9 Factors that Affect a Customer’s Willingness to Pay

Willingness to pay (WTP) is the maximum amount an individual is willing to hand over to procure a product or service. The price of the transaction will thus be at a point somewhere between a buyer’s willingness to pay and a seller’s willingness to accept.

If a company understood customer willingness-to-pay before any negotiations commenced, they could develop strategies to realise that price during the negotiation. Salespeople rely on their experience and selling skills to draw out this information using historical data and value-based pricing methodologies to understand how a customer values their products.

Blog 27

 

PRICE V QUALITY EFFECT

Buyers will be more willing to pay if they believe that a higher price signals higher quality.

UNIQUE VALUE EFFECT

If the buyer values the unique attributes of your product they will be more willing to make a purchase. In a nutshell, they value your product above others in the marketplace.

EXPENDITURE EFFECT

Buyers are less willing to buy an item the higher the total expenditure, both in pounds and pence terms and as a percentage of their income and/or budget.

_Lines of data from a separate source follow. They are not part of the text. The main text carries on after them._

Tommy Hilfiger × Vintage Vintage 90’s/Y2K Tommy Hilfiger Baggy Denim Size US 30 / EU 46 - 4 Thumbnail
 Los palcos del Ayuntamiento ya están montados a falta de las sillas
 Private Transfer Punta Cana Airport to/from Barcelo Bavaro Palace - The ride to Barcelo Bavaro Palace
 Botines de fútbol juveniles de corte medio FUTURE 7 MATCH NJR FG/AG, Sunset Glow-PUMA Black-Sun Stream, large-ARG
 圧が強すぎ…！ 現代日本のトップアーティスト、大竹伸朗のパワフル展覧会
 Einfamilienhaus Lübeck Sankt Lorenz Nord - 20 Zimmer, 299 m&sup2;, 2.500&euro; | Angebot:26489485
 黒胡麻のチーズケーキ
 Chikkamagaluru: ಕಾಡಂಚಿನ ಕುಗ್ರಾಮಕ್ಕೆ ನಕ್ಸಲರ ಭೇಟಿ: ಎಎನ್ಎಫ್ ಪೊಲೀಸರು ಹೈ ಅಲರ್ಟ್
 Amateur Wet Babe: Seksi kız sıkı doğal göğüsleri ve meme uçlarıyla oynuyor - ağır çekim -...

THE EFFECT OF CUSTOMER CHARACTERISTICS

Several pricing studies have found that customer characteristics may influence WTP. These differences in WTP may depend on demographic, psychographic, or behavioral characteristics.

The demographic variables include age, sex, race, income, marital status, education, and geographical location as well as psychographic variables such as activities, interests, opinions, and lifestyle.

ENVIRONMENTAL EFFECT

Macro-environmental factors such as the overall state of the economy could influence customer willingness to pay. For example, in a downturn in the economy, the customer’s willingness to pay may be lower as compared to a period when the economy is booming.

FASHION EFFECT

Fashions increase the demand for certain products and services and consequently increase the customer willingness to pay for those products.

FAIRNESS EFFECT

If the customer perceives the price to be fair in comparison to similar products on the market they will be more inclined to buy.

CUSTOMER RESEARCH EFFECT

If the buyer perceives that the current price is temporarily lower or higher than it will be in the future this will influence the timing of their purchase.

TWO-FOR-THE-PRICE-OF-ONE EFFECT

Or, 3 for 2 effects etc. The buyer wants a bargain of course, to believe they are getting something for nothing. They are statistically less likely to buy a single item than a ‘bundle’ of items.